Die HSA-FR neu im Schulnetz21

Deux mains serrées symbolisant l'union dans un décor naturelle

Die Hochschule für Soziale Arbeit (HSA-FR) ist offiziell dem Schulnetz21 beigetreten. Mit diesem Schritt bekräftigt die Hochschule ihr Engagement für eine nachhaltige Entwicklung und setzt ein weiteres Zeichen für die Verankerung von Nachhaltigkeit in Lehre, Forschung und gesellschaftlichem Engagement.

Die HSA-FR zählt rund 390 Studierende im Bachelorstudiengang. Sie verfolgt einen ganzheitlichen Ansatz, der darauf abzielt, Nachhaltigkeitsthemen bereichsübergreifend in ihre Aktivitäten und Projekte einzubeziehen.
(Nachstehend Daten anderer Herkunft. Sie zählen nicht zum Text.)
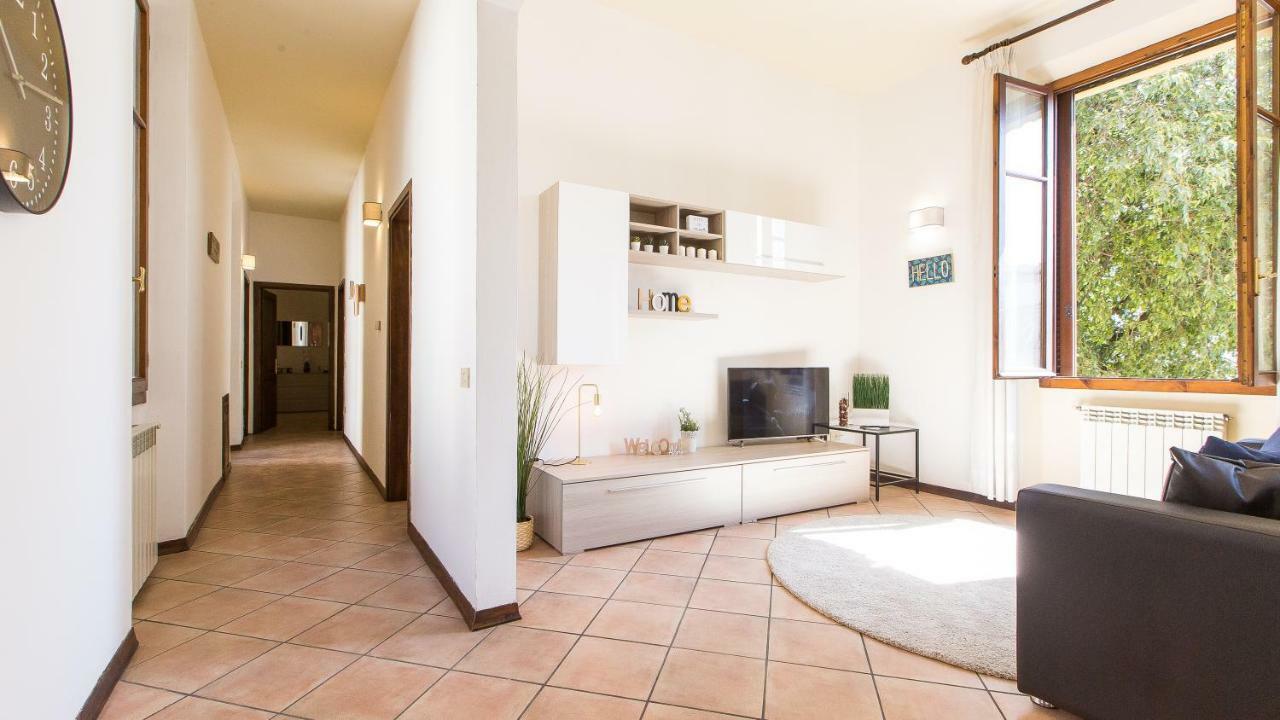 Rental In Rome - Santa Maria Novella Palace ฟลอเรนซ์ ภายนอก รูปภาพ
Zwei Entwicklungsschwerpunkte für die kommenden drei Jahre

Im Rahmen ihres Beitritts hat die HSA-FR zwei prioritäre Ziele festgelegt, die ihr Engagement innerhalb des Netzwerks in den kommenden drei Jahren prägen werden.

 

Nachhaltigkeit stärker in die Ausbildung integrieren

Die Hochschule möchte die Berücksichtigung von Nachhaltigkeitsthemen im Bachelorstudiengang Soziale Arbeit weiter ausbauen. Dazu gehören insbesondere:

  • eine stärkere Sichtbarkeit von Nachhaltigkeitsthemen in den Lehrveranstaltungen,
  • die Förderung des Austauschs zwischen den Lehrpersonen,
  • die Weiterentwicklung sowie der Austausch bewährter Lehr- und Lernpraktiken.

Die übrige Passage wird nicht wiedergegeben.